Sama seperti susahnya tataniaga beras misalnya. Atau jagung. Atau produk pangan lainnya. Termasuk telor ayam. Ada politisi kemarin-kemarin berteriak minta kepada pemerintah untuk menurunkan harga telor hingga 11 ribu rupiah. Nah, belakangan harga telor pernah anjlok beneran, walau tidak sampai seanjlok harga tersebut. Apa yang terjadi ? Ya pasti emak-emak peternak ayam pada kelimpungan. Nggak nyucuk antara biaya produksi dengan hasilnya.

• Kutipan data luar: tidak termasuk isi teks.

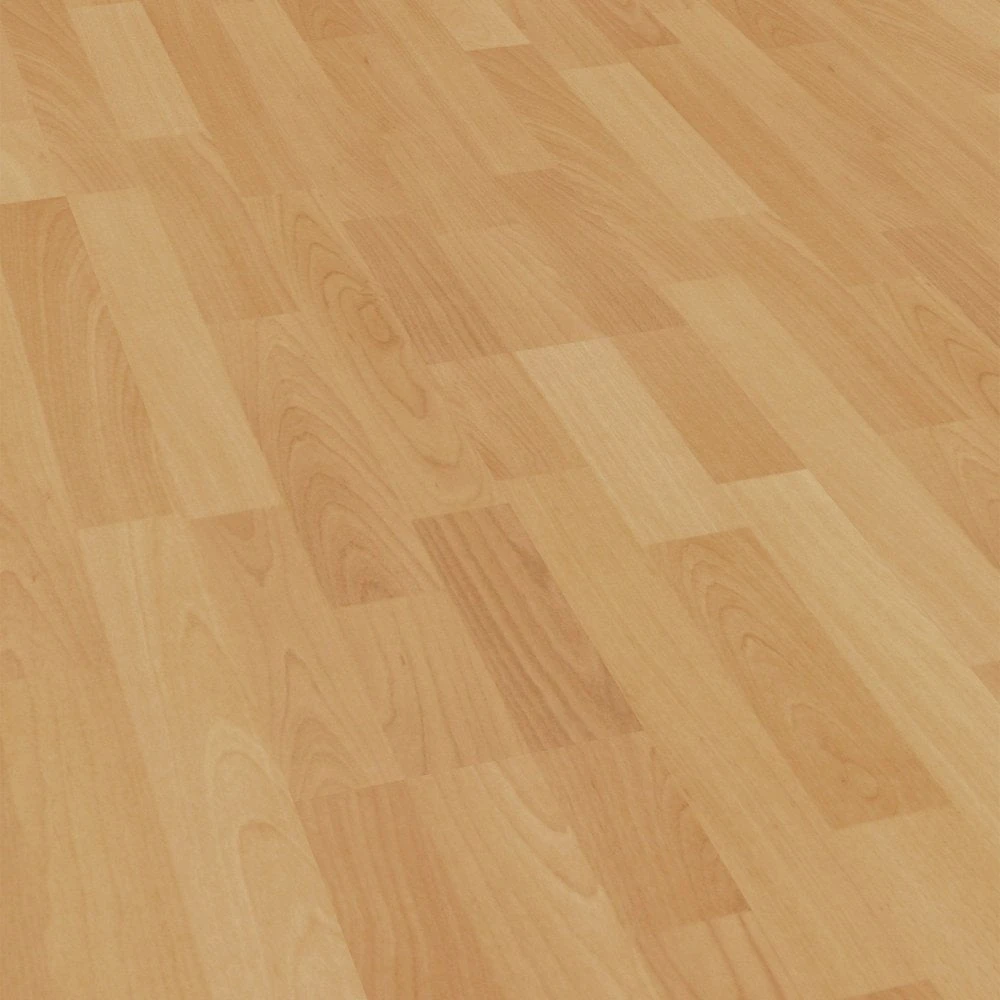 Kronotex Beech Nobelle - Standard 7mm Laminate Flooring (248475) 4 Kronotex Beech Nobelle - Standard 7mm Laminate Flooring (248475) - Image 2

Demikian juga dengan harga komoditas jagung. Pihak petani jagung akan relatif mendapat keuntungan jika harga stabil pada kisaran 4 ribu hingga 5 ribu rupiah. Kalau harga anjlok dibawah 4.000 rupiah, alamat petani kelimpungan. Jadi yang diperlukan disini adalah keseimbangan harga dan sekaligus peningkatan daya beli masyarakat.
So, jadi politisi jangan sampai asal dapat panggung, kemudian bisanya bicara ngasal saja. Contoh sekarang ini. Harga pakan ternak memang lagi mahal karena stok jagung yang memang lagi kurang melimpah. Tapi jangan provokasi pemerintah untuk menurunkan dengan instan. Bisa-bisa larinya nanti impor . Kalau sudah impor, wah, padahal satu bulan lagi diperkiran produk jagung dalam negeri mulai panen. Bisa-bisa harga anjlok nanti. Petani kelimpungan. Situasi sospol menjelang pemilu. Akhirnya pemeritah digoreng lagi sebagai pihak yang gak becus.
Jangan juga dibandingkan jaman orba. Jaman orba dulu memang harga pangan relatif murah. Namun petani tidak bisa kaya. Harga komoditas senantiasa ditekan. Daya beli masyarakat juga tidak tinggi, Hanya saja waktu itu subsidi digelontorkan dalam segala bidang. Akhirnya beban negara juga yang keberatan.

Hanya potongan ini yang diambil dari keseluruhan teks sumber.